Jedni mówią o "odbiciu" Białołęki PO przez PiS, inni - o zamienieniu niekompetentnego burmistrza takim, który będzie "służył" mieszkańcom dzielnicy. Zdanie odnośnie wybory nowego przewodniczącego dzielnicy są podzielone. Polityczny chaos spowodował z kolei, że Białołęka, jako jedyna dzielnica Warszawy, ma obecnie dwóch burmistrzów...
Wszystko zaczęło się jeszcze w ubiegłym roku. Niektórzy radni lokalnych komitetów zerwali wówczas współpracę z Platformą Obywatelską, przechodząc na stronę Prawa i Sprawiedliwości. Tym sposobem PiS uzyskał większość w radzie dzielnicy i szybko zdecydował o wyborze nowego burmistrza.
Zdaniem radnych dotychczasowy burmistrz, Piotr Jaworski (PO) nie dopełniał swoich obowiązków i źle gospodarował budżetem, przykładowo - wydawał spore sumy pieniędzy na własne kampanie. Jaworski odparł te zarzuty, a Rada Warszawy podważyła legalność wyboru nowego przewodniczącego. Z drugiej strony zatwierdził go jednak Zdzisław Sipiera, wojewoda mazowiecki (PiS).

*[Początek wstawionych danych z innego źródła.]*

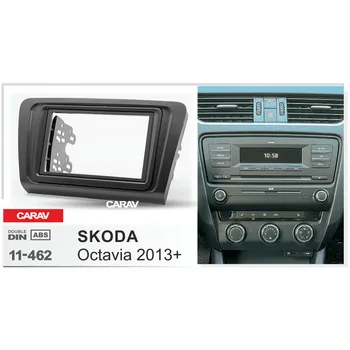 

CARAV 11-462 Double Din Fascia For SKODA Octavia 2013+ Radio DVD Stereo Panel Dash Mounting Installation Trim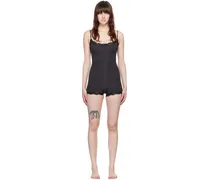 Black Fits Everybody Lace Onesie Jumpsuit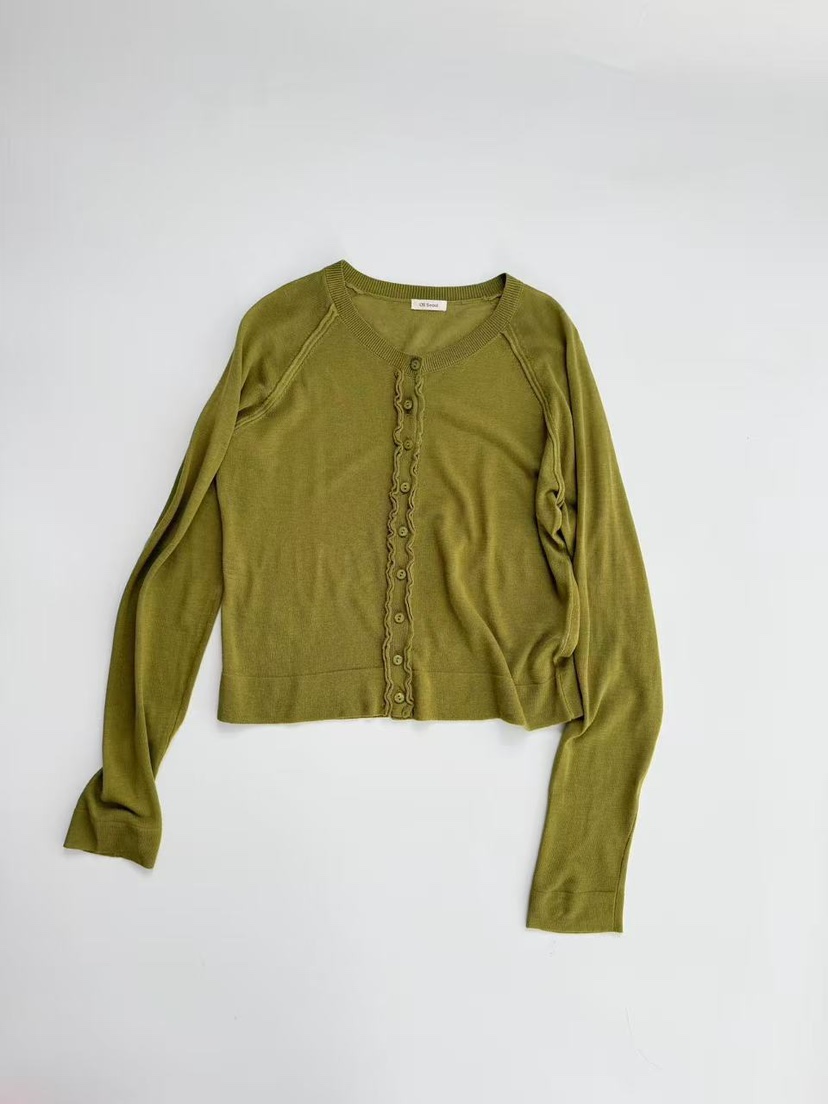 OLI SEOUL韓國東大門代購女士新品時尚人氣針織衫亞麻開衫OLI SEOUL針織衫圖色2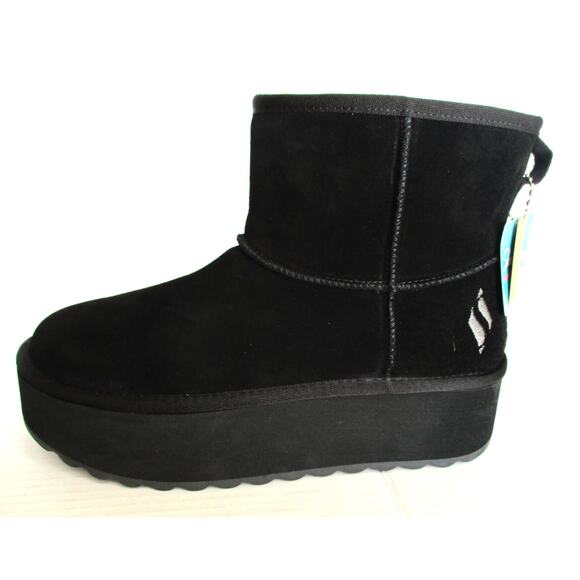 New SKECHERS Keepsakes Stacked Womens Platform Suede Pull On Boots Sz 8 - Picture 4 of 12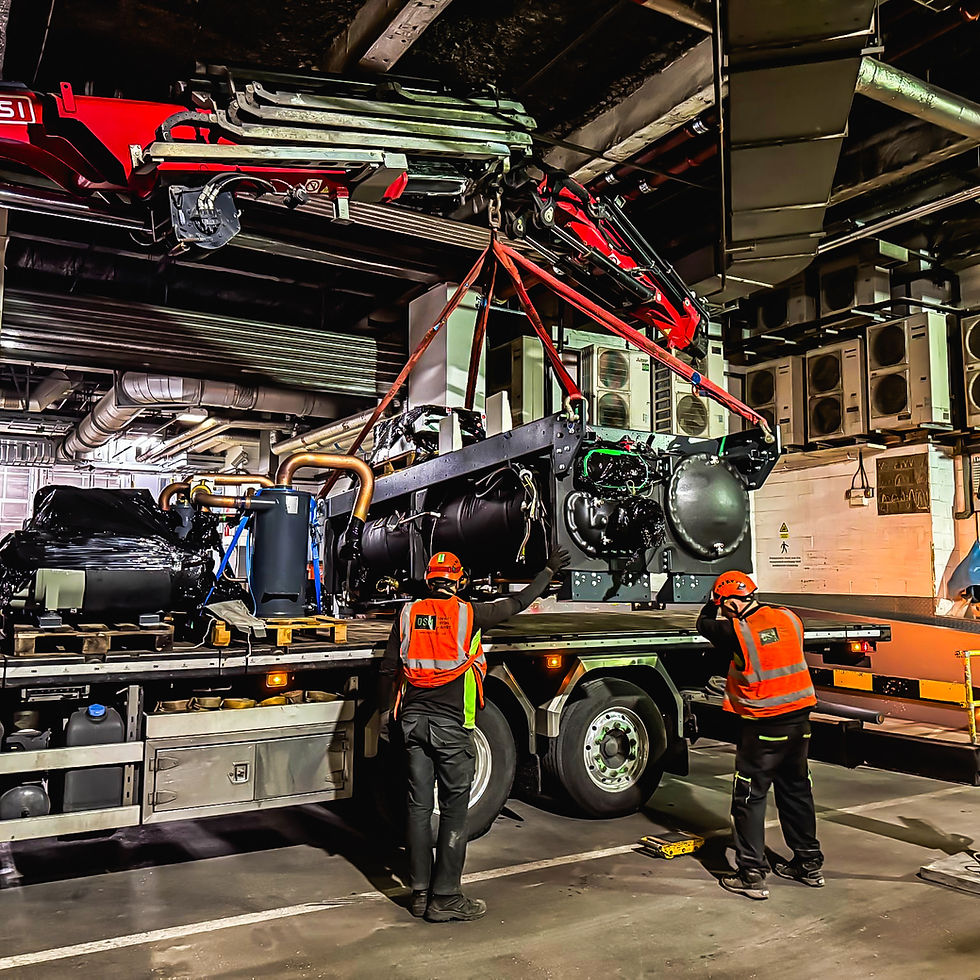 Broadgate Basement Chiller Install – DSM Plant Movement in Action.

Tym sposobem Białołęka zyskała nowego burmistrza. Stary wciąż nie ustąpił jednak ze stanowiska. Żadna ze stron nie planuje ustąpić w sprawie, a "nieczystą grę" zarzuca rywalowi. W najbliższym czasie będziemy więc obserwować kolejne odsłony "gry o tron", a faktyczne spawy Białołęki odejdą na drugi plan.